┌─ MATERIAL PROVIDED

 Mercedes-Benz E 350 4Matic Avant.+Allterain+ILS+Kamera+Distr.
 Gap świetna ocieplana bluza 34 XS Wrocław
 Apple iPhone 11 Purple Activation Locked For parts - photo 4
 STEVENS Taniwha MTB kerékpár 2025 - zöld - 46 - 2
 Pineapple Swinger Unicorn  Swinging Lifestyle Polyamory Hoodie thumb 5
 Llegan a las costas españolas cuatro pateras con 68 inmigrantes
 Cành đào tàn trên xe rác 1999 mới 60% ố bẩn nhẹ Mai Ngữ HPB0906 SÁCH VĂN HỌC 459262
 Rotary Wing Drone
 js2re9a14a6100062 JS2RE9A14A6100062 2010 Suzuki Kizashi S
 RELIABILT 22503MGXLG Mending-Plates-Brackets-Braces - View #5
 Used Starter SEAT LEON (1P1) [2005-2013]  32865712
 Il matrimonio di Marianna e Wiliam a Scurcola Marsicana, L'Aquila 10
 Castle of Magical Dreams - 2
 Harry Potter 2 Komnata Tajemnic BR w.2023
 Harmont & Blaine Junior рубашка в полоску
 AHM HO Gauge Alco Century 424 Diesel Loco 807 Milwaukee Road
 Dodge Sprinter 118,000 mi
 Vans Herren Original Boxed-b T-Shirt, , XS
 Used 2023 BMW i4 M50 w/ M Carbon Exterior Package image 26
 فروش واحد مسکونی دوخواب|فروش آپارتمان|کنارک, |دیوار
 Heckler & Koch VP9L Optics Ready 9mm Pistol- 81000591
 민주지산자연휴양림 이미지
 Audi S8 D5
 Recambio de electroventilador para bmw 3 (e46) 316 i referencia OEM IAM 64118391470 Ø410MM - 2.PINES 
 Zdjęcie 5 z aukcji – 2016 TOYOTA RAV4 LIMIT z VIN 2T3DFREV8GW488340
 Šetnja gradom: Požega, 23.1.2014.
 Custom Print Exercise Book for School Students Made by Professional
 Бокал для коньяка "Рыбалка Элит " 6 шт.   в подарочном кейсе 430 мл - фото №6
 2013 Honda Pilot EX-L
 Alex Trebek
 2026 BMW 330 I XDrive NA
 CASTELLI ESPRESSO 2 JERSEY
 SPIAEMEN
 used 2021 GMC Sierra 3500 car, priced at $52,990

└─

- [EXERCISE INSTRUCTIONS]: What you return should be exactly the lines above, starting at the one with "STEVENS Taniwha MTB" and ending at the one with "Heckler & Koch", and nothing else.

- [RESPONSE TO THE EXERCISE]:
 STEVENS Taniwha MTB kerékpár 2025 - zöld - 46 - 2
 Pineapple Swinger Unicorn  Swinging Lifestyle Polyamory Hoodie thumb 5
 Llegan a las costas españolas cuatro pateras con 68 inmigrantes
 Cành đào tàn trên xe rác 1999 mới 60% ố bẩn nhẹ Mai Ngữ HPB0906 SÁCH VĂN HỌC 459262
 Rotary Wing Drone
 js2re9a14a6100062 JS2RE9A14A6100062 2010 Suzuki Kizashi S
 RELIABILT 22503MGXLG Mending-Plates-Brackets-Braces - View #5
 Used Starter SEAT LEON (1P1) [2005-2013]  32865712
 Il matrimonio di Marianna e Wiliam a Scurcola Marsicana, L'Aquila 10
 Castle of Magical Dreams - 2
 Harry Potter 2 Komnata Tajemnic BR w.2023
 Harmont & Blaine Junior рубашка в полоску
 AHM HO Gauge Alco Century 424 Diesel Loco 807 Milwaukee Road
 Dodge Sprinter 118,000 mi
 Vans Herren Original Boxed-b T-Shirt, , XS
 Used 2023 BMW i4 M50 w/ M Carbon Exterior Package image 26
 فروش واحد مسکونی دوخواب|فروش آپارتمان|کنارک, |دیوار
 Heckler & Koch VP9L Optics Ready 9mm Pistol- 81000591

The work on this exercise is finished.